Commencement Information

I1S. 66 in force at 1.10.2009 by S.S.I. 2009/319, art. 2(a), Sch. 1

67Absconding from hospitalS

(1)This section applies where a person is subject to—

(a)a short term detention order; or

(b)an exceptional detention order.

(2)A person who absconds—

(a)while being removed to the hospital in which that person is to be detained; or

(b)from the hospital in which the person is detained,

is liable to be taken into custody by a person mentioned in subsection (3) and returned to hospital in accordance with subsection (4).

(3)The persons who may take a person who has absconded into custody are—

(a)a constable;

(b)an officer of a health board;

(c)an officer of a local authority.

(4)The absconding person may—

(a)be returned to the hospital in which the person's detention is authorised; and

(b)be detained there for the period or, as the case may be, the remainder of the period for which detention of that person is authorised.

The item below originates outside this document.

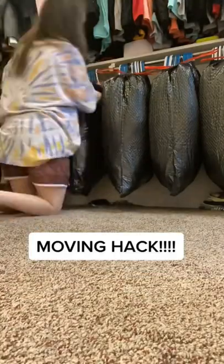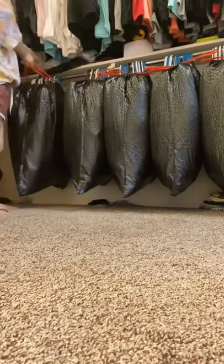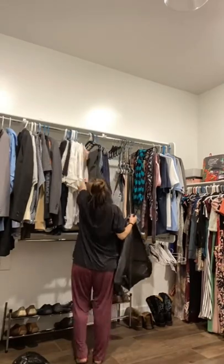This moving hack will change your life. You get some garbage bags, put your clothes in them, tie them up at the top, and then transfer over to the new house just like this. It keeps your hangers from falling off and your clothes from being unorganized. You hang them up, cut the bag with a knife, and bam — you're done.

(5)In calculating the period mentioned in subsection (4)(b), the period beginning when the person absconded and ending when that person is returned to hospital by virtue of subsection (2) is to be left out of account.

(6)A person who may take an absconding person into custody may enter any premises in which the person is present.

(7)The power of entry in subsection (6)—

(a)may be exercised at any time; and

(b)includes power to use reasonable force.

(8)A person who is taken into custody under this section and who absconds remains liable to be taken into custody under and dealt with in accordance with this section.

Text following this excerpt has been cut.